Imperial Oil also reports major fluid excursion from reservoir into Grand Rapids at various pads and different cycles. The annual
presentations also indicate 65% of wells have experienced failure in their lifetime with near surface failures having made direct adverse environmental effects.
Total E&P, Joslyn (2006)
On May 18, 2006, a major blowout occurred at Total's Joslyn SAGD project. The incident near the heel of a SAGD pair created a huge 125m x 75m crater with rock debris flying up to 300m away. On the aftermath of the incident, that was decribed as "catastrophic" by the regulator, Total abandoned its Joslyn SAGD project.
Total E&P completed a detail investigation report in 2007. And the regulator (ERCB) reviewed and issued their own investigation report in 2010. Another report was released by a joint review panel from the Federal Minister of Environment in 2011. The conclusions on the cause of the incident differ from one another and none conclusively identified the cause of the failure.
Caprock failure in Joslyn, although not as frequent and extensive as Cold Lake incidents, has been very significant by impacting how SAGD projects are being regulated in the province.

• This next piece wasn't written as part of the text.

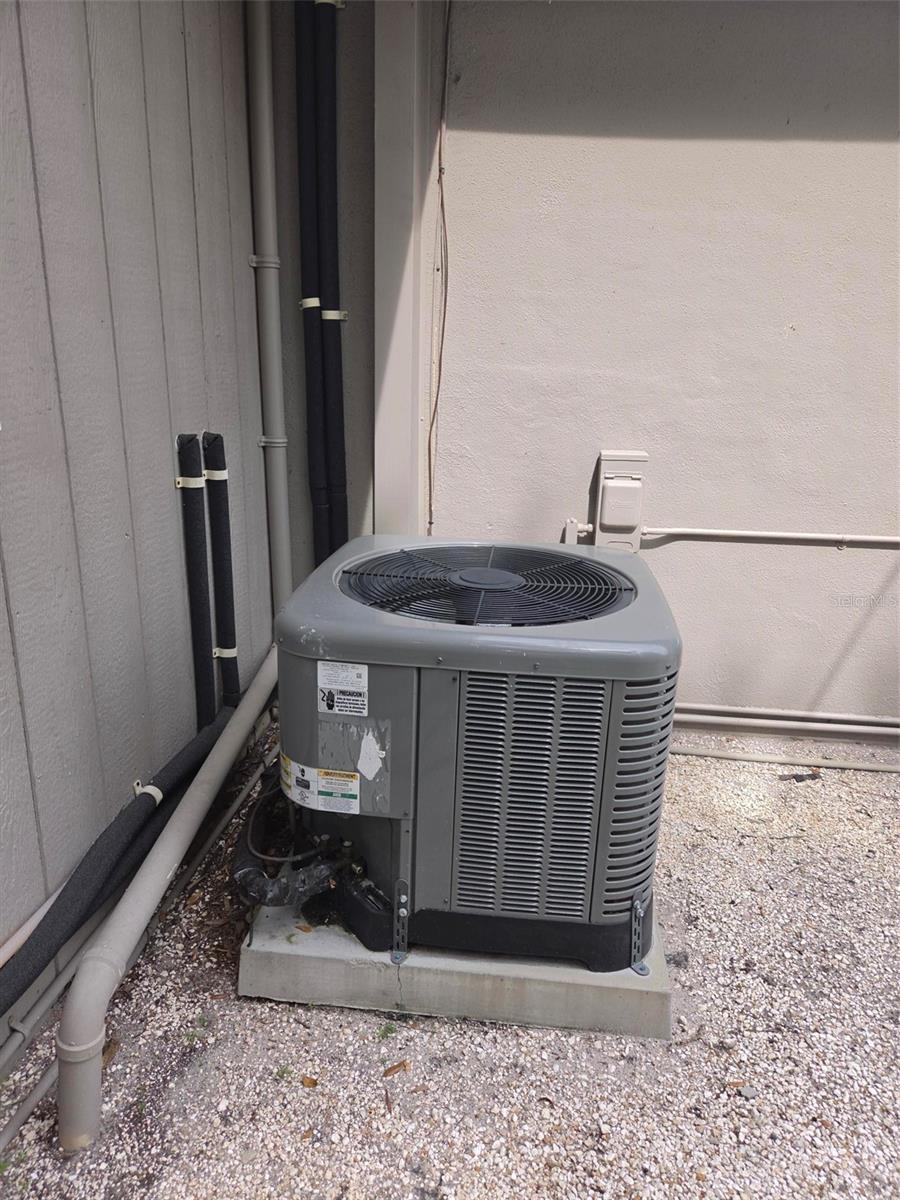 20 S Saturn Ave Property Photo 37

Joslyn incident was dealt with more transparently compared to other incidents, and such, it raised awareness about the risk of caprock failure for in situ thermal recovery. In the wake of this incident, a joint caprock integrity study was initiated involving Alberta Geological Survey, Directive 051 was undergone a revision, and a new directive for shallow SAGD operation is drafted requiring detail caprock integrity study for the SAGD development applications.
CNRL, Primrose (2009-2015)
CNRL's Cyclic Steam Stimulation operation in Primrose has been a scene of major caprock and casing failure incidents in the past few years. The first reported incident was a surface release of bitumen emulsion discovered in January 2009. The leaks observed near two surface fissures resulted in removal of over 1,000 cubic meters of bitumen emulsion as well as 12,000 tonnes of contaminated material from the site. Later that same year CNRL reported observed temperature anomaly in Grand Rapids formations as well as casing failures in other parts of its Primrose operation. The seepage event contaminated the Bonnyville Aquifer.
The leak through the fissures continued but an investigation completed by CNRL in 2010 did not find the definitive cause of the incident. Later that year CNRL received approval for dynamic steam injection as well as expansion of their HP CSS operation to a new area in East Primrose. Early 2013, CNRL reported the discovery of four new oil spills that were spread all across their operation from East to South Primrose, resulting in more than 1.2 million liters of bitumen release to surface, and affecting a massive area of boreal forest. One of the leaks that was located below a water body, resulted in unprecedented action of draining a small lake for cleanup. Based on annual presentations to AER, CNRL also reports numerous casing failures every year including one in January 2014 that released 27,000 liters of bitumen into overburden.